Tuesday, February 10, 2009

Names

My brother, Bob, is getting married soon sometime in May. I am excited that finally one of my three older brothers is getting married, especially all three of them are so old, around their thirties. Our family is expanding. I will soon have Pilipino relatives.

Bob. Thao. Those are his two names he goes by, but mostly by Bob, which in the past the marker of his personality throughout high school. Bob. His friends gave him that name. Thao. His parents gave him that name. He goes by Bob more though. When I was a kid, I reconstructed his name, something, I still do with a lot of other people's name up until today. From Bob to Bobolo. I think I got that name from another word, discombobulate which means "to upset or frustrate" characterizing my relations with him growing up. I remember one time at my dad's shop, I threw a stapler at him. It was easy to upset me because I had a short temper then. I still do sometimes.

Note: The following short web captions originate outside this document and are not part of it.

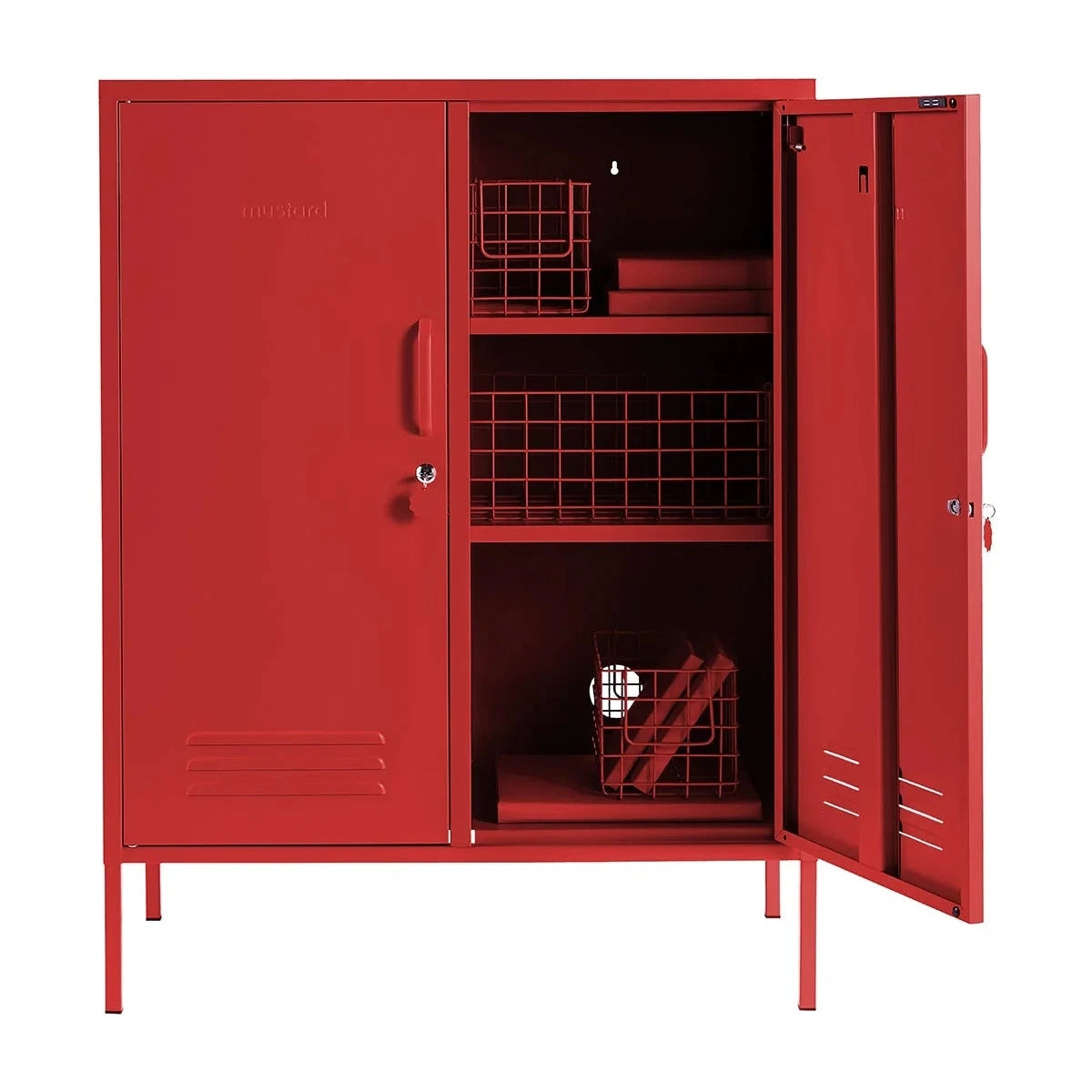 Metallspind THE MIDI | Poppy Red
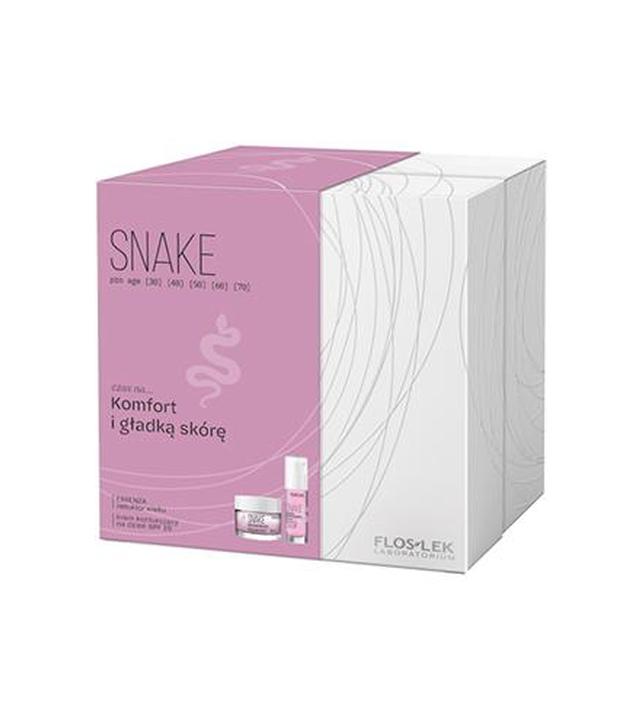 Floslek Snake Essenza Zestaw Reduktor wieku, 30 ml + Krem konturujący na dzień SPF 20, 50 ml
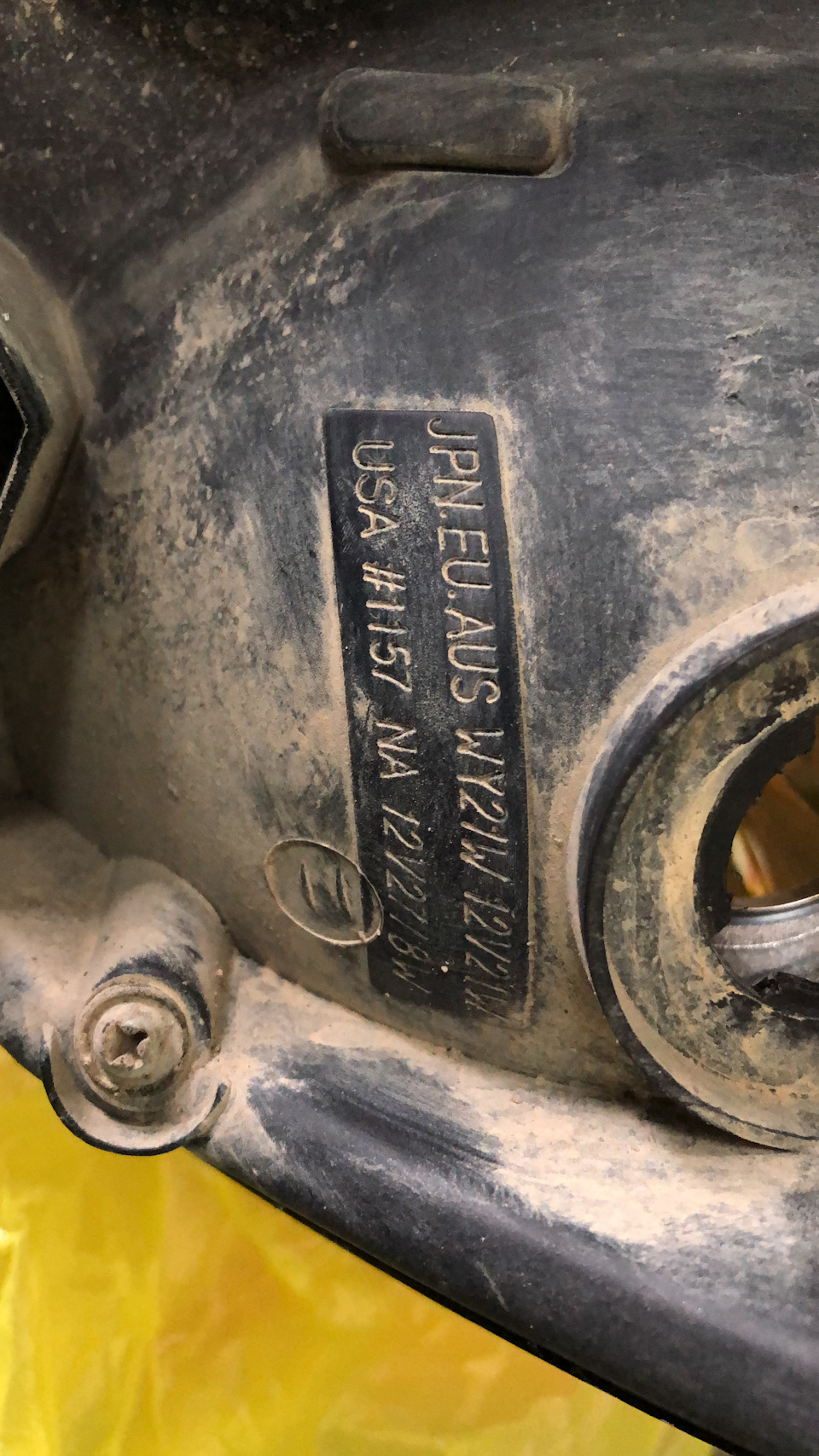 1157NA Лампочка габаритов, поворота, стопа задн, желтая GE | Запчасти ...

Son. Ever since I was little, I wanted an American name since it was essentially thee center target for mockery or ridicule. Very recently, I've come to love my name more. Maybe, the meaning behind it: mountain or just its conciseness that helps people remember me. This is coming from a person who is horrible with names. The common case would be people remember me, but I cannot remember them.

Names helps us navigate our way through people. Bob and his Bob-like attitude. Son and his Son-like attitude. Whatever that means, attached adjectives and attributes to names come natural to how people are identified and perceived. When Bob and his new wife, Maria, come down to naming a child, she or he will take on a name and that will be her or his marker for life. The more I write my name down. Son. The more I know I exist. I find it interesting my brother was able to change his marker along with countless people. I don't think I will ever change my marker since it's the only thing that was first given to me other than my life.